The material below includes pictures; leave them out and return only the lines between the line containing "Adult defending its" and the line containing "Bergblick Apartment SäChsische", inclusive, word for word.

THE INPUT —
┄┄┄┄┄┄

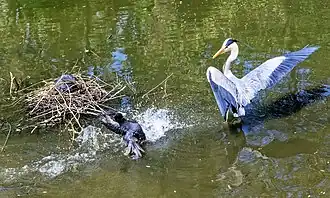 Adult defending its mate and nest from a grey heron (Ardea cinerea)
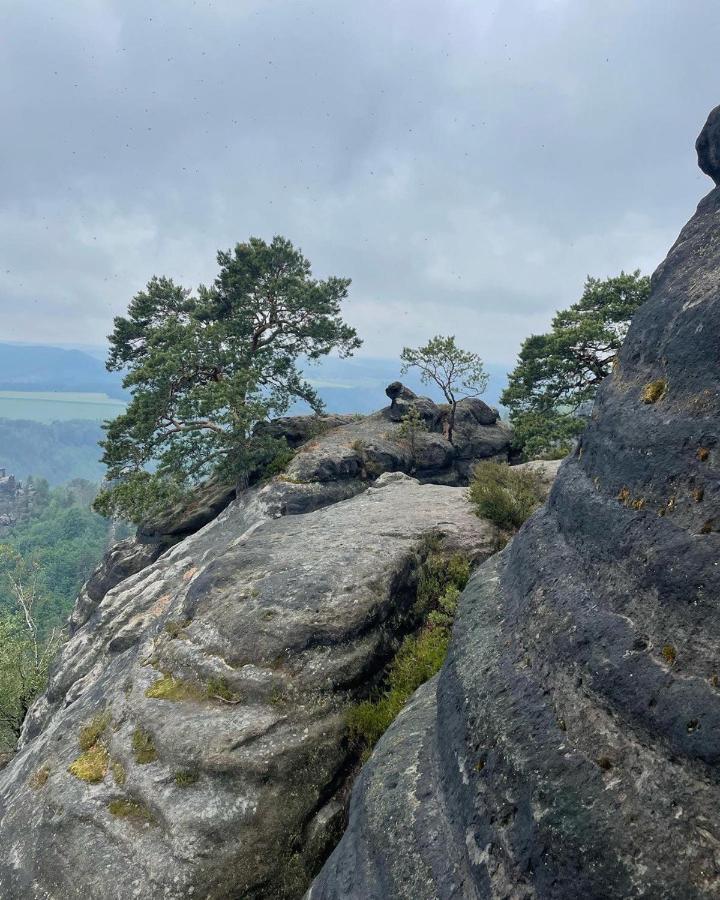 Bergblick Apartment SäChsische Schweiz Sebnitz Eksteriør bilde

┄┄┄┄┄┄

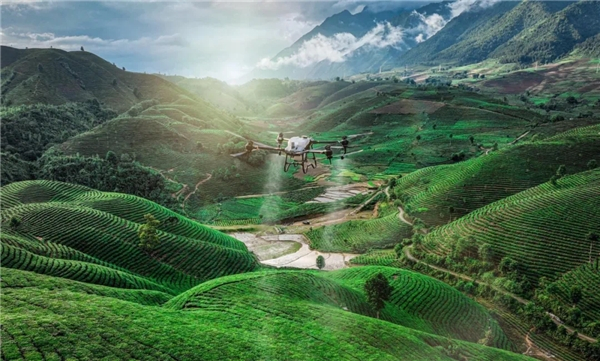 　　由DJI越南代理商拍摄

┄┄┄┄┄┄

ANSWER TO THE EXERCISE —
 Adult defending its mate and nest from a grey heron (Ardea cinerea)
 Bergblick Apartment SäChsische Schweiz Sebnitz Eksteriør bilde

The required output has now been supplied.